Note: Due to dataset sizes, we strongly recommend using the Huggingface repository for data download.

Citation

@misc{reichman2024readingintent,
      title={Reading with Intent}, 
      author={Benjamin Reichman and Kartik Talamadupula and Toshish Jawale and Larry Heck},
      year={2024},
      eprint={2408.11189},
      archivePrefix={arXiv},
      primaryClass={cs.CL},
      url={https://arxiv.org/abs/2408.11189}, 
}

Architecture

Sarcasm-poisoning Architecture:

Reading with Intent Architecture

Datasets

  • nq_val.json - corresponds to the retrievals for NQ from GPL before any changes are made
  • nq_val_fs.json - Each passage from nq_val.json is made to be sarcastic. They are still factually accurate
  • nq_val_psm.json - The passages from nq_val_fs.json are mixed with nq_val.json. For the first two correctly retrieved passages, their fact-distorted sarcastic version is placed in front of them. In addition two more passages are substituted for their fact-distorted sarcastic version.
  • nq_val_psa.json - Fact-distorted sarcastic passages were added back to the NQ Wikipedia Corpus. Passages were then re-retrieved with GPL. The resulting retrieved passages are found here.

Sarcasm Poisoning

The main code for sarcasm poisoning can be found in sarcasm_poisoning/sarcasm_poisoning.py. For manual merging of passages the code used was sarcasm_poisoning/merge_sarcasm_poisoning_with_corpus.py.

Retrieval

Retrieval is a multi-step process.

  1. Start by embedding all the passages of interest using retrieval/embed_nq.py.
  2. retrieval/val_gpl_nq.py retrieves the passages for the NQ queries.
  3. retrieval/eval_gpl_nq_sarcastic_retrievals.py evaluates the result of the retrieval process.

Reading

reader/llm_reader_v2.py holds the experimental code for using the Reading with Intent prompt system.

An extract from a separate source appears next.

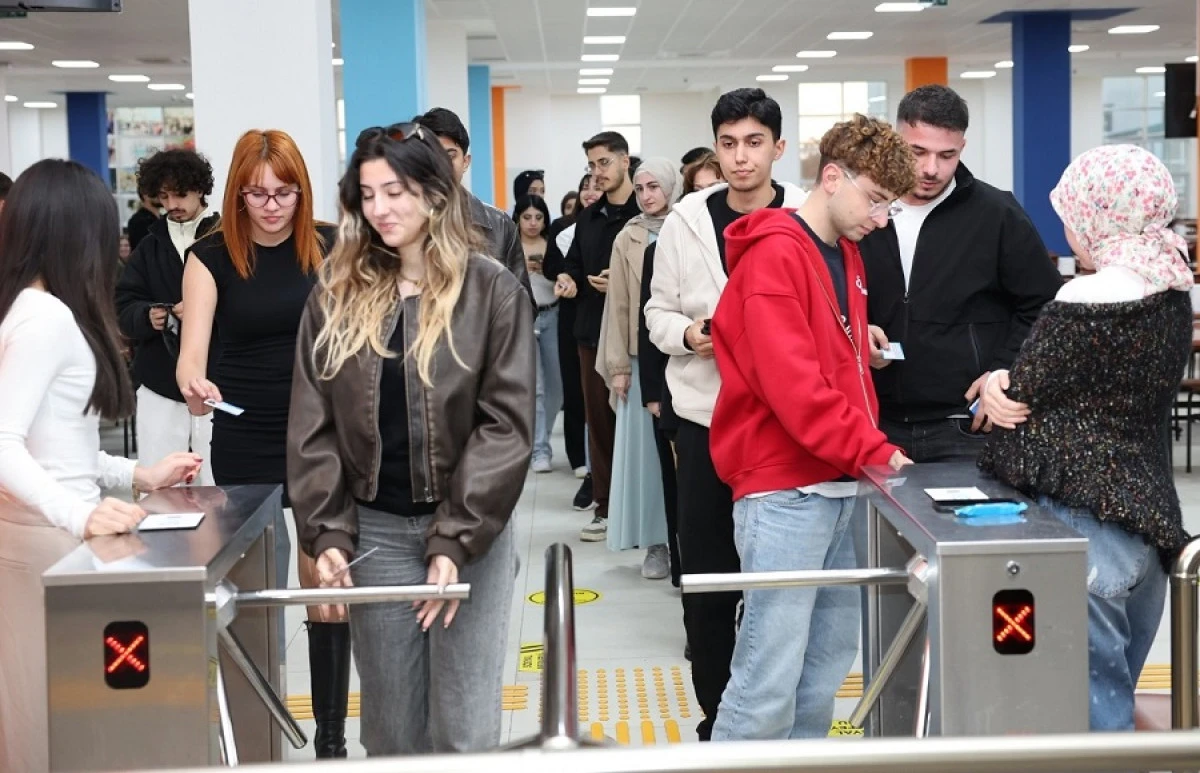 Rekt&ouml;r T&uuml;rkdoğan &Ouml;ğrencilerle İftar Sofrasında Buluştu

To train and validate the intent tagging system use: reader/sentiment_classifier/train.py and reader/sentiment_classifier/val.py.

License

This dataset and the accompanying code are released under the MIT License.

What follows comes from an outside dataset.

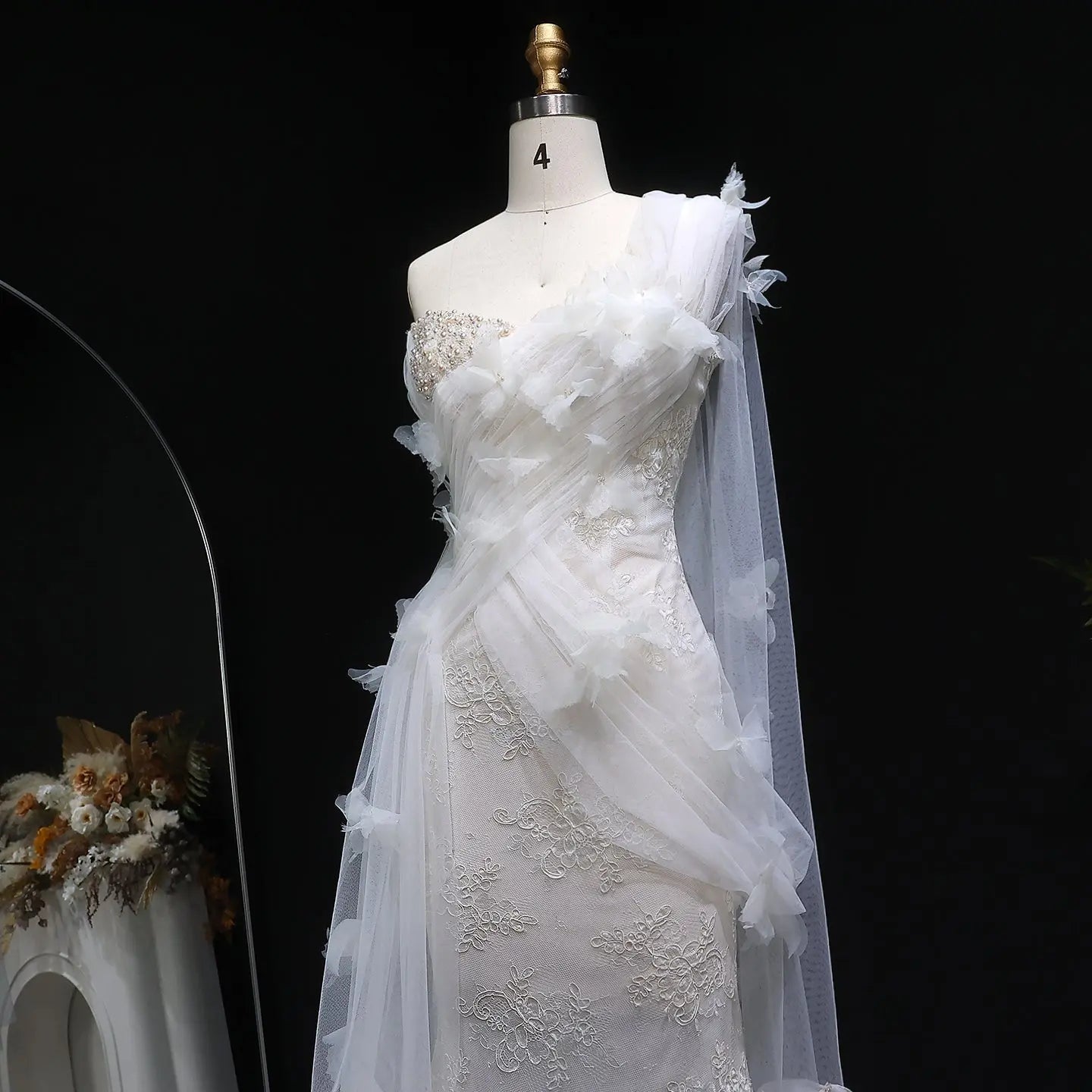 Luxury White One-Shoulder Lace Ruched Bow Mermaid Wedding Dress ZP157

You are free to use, copy, modify, merge, publish, distribute, sublicense, and/or sell copies of the Software, and to permit persons to whom the Software is furnished to do so, subject to the following conditions:

The above copyright notice and this permission notice shall be included in all copies or substantial portions of the Software.

THE SOFTWARE IS PROVIDED "AS IS", WITHOUT WARRANTY OF ANY KIND, EXPRESS OR IMPLIED, INCLUDING BUT NOT LIMITED TO THE WARRANTIES OF MERCHANTABILITY, FITNESS FOR A PARTICULAR PURPOSE AND NONINFRINGEMENT. IN NO EVENT SHALL THE AUTHORS OR COPYRIGHT HOLDERS BE LIABLE FOR ANY CLAIM, DAMAGES OR OTHER LIABILITY, WHETHER IN AN ACTION OF CONTRACT, TORT OR OTHERWISE, ARISING FROM, OUT OF OR IN CONNECTION WITH THE SOFTWARE OR THE USE OR OTHER DEALINGS IN THE SOFTWARE.

A copy of the full license can be found in the LICENSE file.